Cannot use multiple GPUs

Problem: CUDA memory error EXCLUSIVELY when using multiple GPUs

Background:
Custom training script and dataset. Have multiple a40 gpus
Seq2SeqTrainer training of T5, accelerate is installed.

Here are the arguments, and training portions of the script. Happy to give preprocessing steps but don’t think its related.

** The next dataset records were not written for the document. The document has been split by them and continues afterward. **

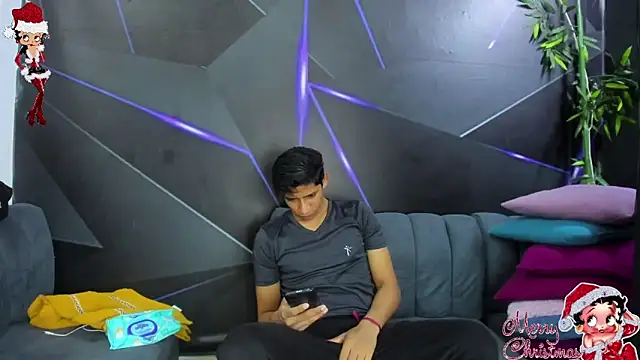 playsgirlhot online show from 11-04-25, 11:19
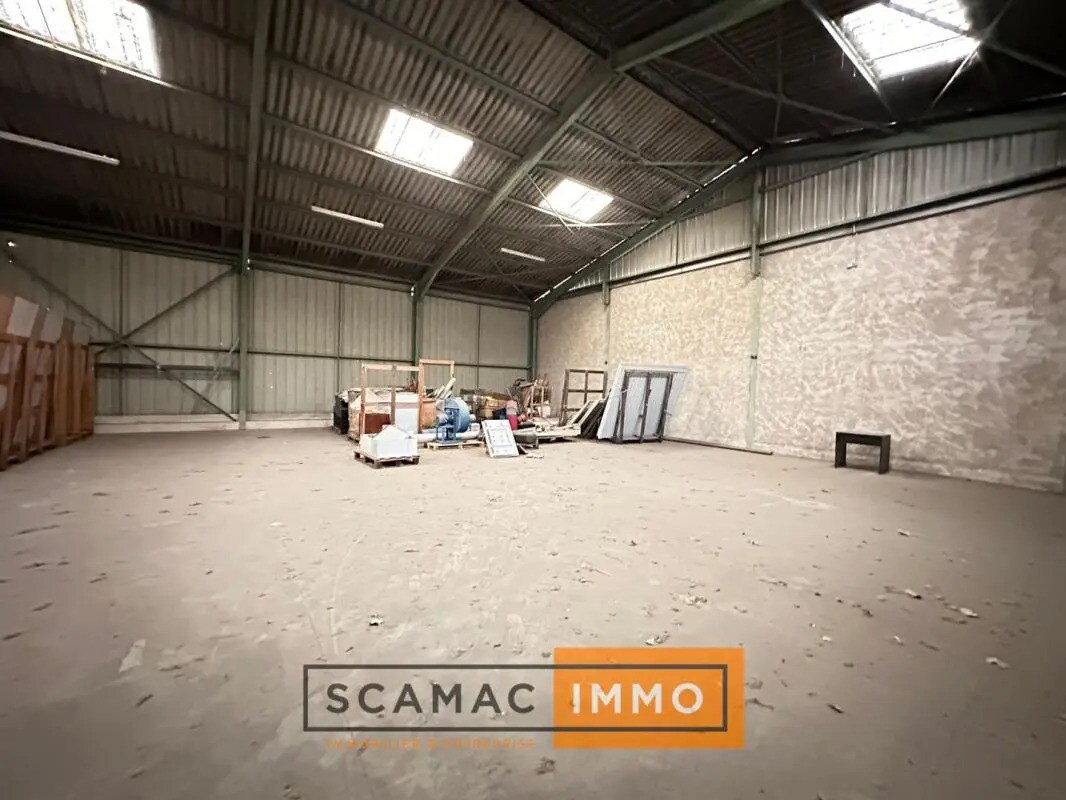 Industriel/Logistique dans Gignac-la-Nerthe à louer Photo de l’immeuble– Image 1 sur 6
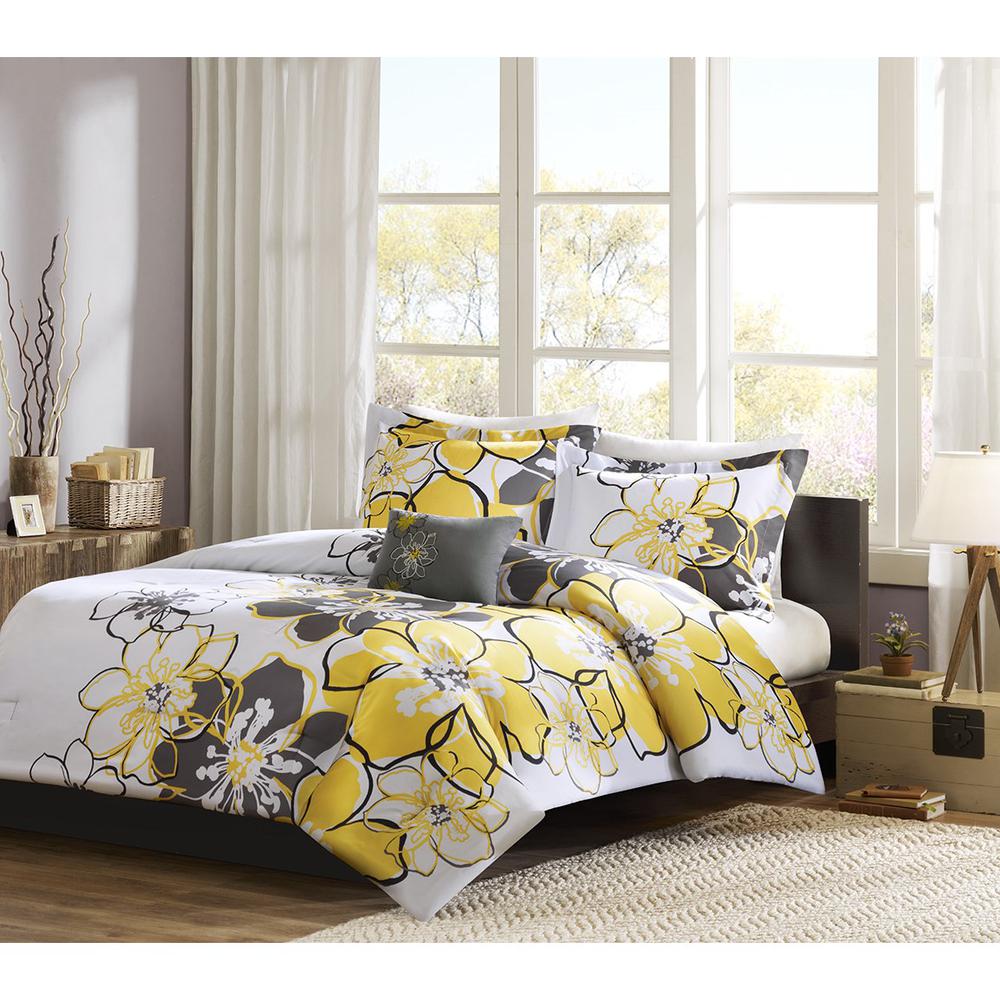 Floral Comforter Set. Picture 1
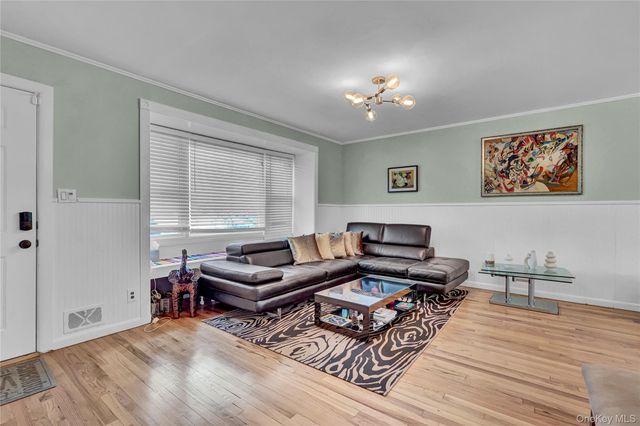 18 Frost Lane, Greenlawn, NY 11740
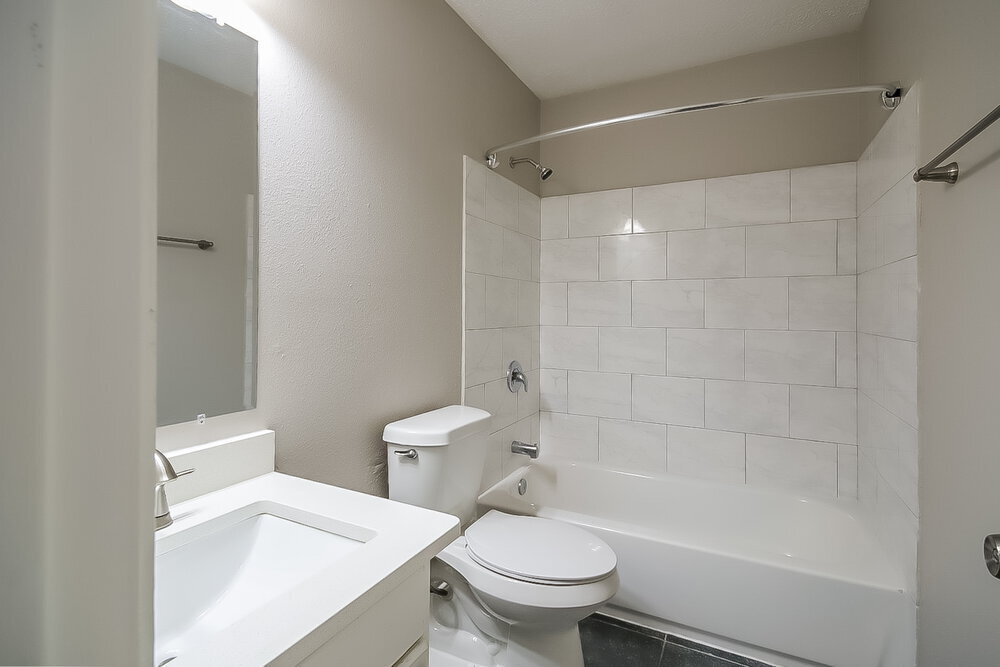 Building Photo - 28710 Sedgefield St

args = Seq2SeqTrainingArguments(
        output_dir='./data/nomelt-model/model',
        # Trainer meta parameters
        log_level='debug',
        do_train=True,
        do_eval=True,
        evaluation_strategy=save_strat,
        eval_steps=steps_per_save,
        prediction_loss_only=True,
        save_strategy=save_strat,
        save_steps=steps_per_save,
        save_total_limit=20,
        logging_strategy='steps',
        logging_steps=1,
        predict_with_generate=True,
        generation_max_length=params['training']['max_length'],
        load_best_model_at_end=True,
        # training parameters
        num_train_epochs=params['training']['epochs'],
        # batches
        per_device_train_batch_size=params['training']['per_device_batch_size'],
        per_device_eval_batch_size=params['training']['per_device_batch_size'],
        gradient_accumulation_steps=params['training']['gradient_accumulation'],
        gradient_checkpointing=params['training']['gradient_checkpointing'],
        auto_find_batch_size=params['training']['auto_find_batch_size'],
        # optimizer
        learning_rate=params['training']['learning_rate'],
        lr_scheduler_type=params['training']['lr_scheduler_type'],
        warmup_ratio=params['training']['warmup_ratio'],
        optim=params['training']['optim'],
        optim_args=params['training']['optim_args'],
        label_smoothing_factor=params['training']['label_smoothing_factor'],
        # precision
        fp16=params['training']['fp16'],
    )

trainer = Seq2SeqTrainer(
            model=model,
            args=args,
            train_dataset=dataset['train'],
            eval_dataset=dataset['eval_sample'] if 'eval_sample' in dataset else dataset['eval'],
            data_collator=data_collator,
            tokenizer=tokenizer,
        )
trainer.train()

The params are retrieved from a separate file using DVC (I am using DVC live):

training:
  keep_only_extremes: false # equivalent to data.keep_only_extremes, except the filtering happens before train time instead of in creating the saved dataset
  max_length: 250
  epochs: 1
  per_device_batch_size: 1
  auto_find_batch_size: false
  learning_rate: 1e-4
  gradient_accumulation: 1
  gradient_checkpointing: true
  saves_per_epoch: null # null means save only at the end of training
  lr_scheduler_type: 'linear'
  warmup_ratio: 0.1
  label_smoothing_factor: 0.0
  optim: "adafactor"
  optim_args: "scale_parameter=False,relative_step=False"
  fp16: true
  max_eval_examples: 500    # only during training
  dev_sample_data: 20

The model takes up about 25% of gpu memory.
Running script via python train.py
When I run the training on a single gpu, I get about 40% memory usage.
If I change nothing except run with multiple GPUs available in the job, memory explodes. I am skeptical that simply the communication overhead is using >50% of GPU memory.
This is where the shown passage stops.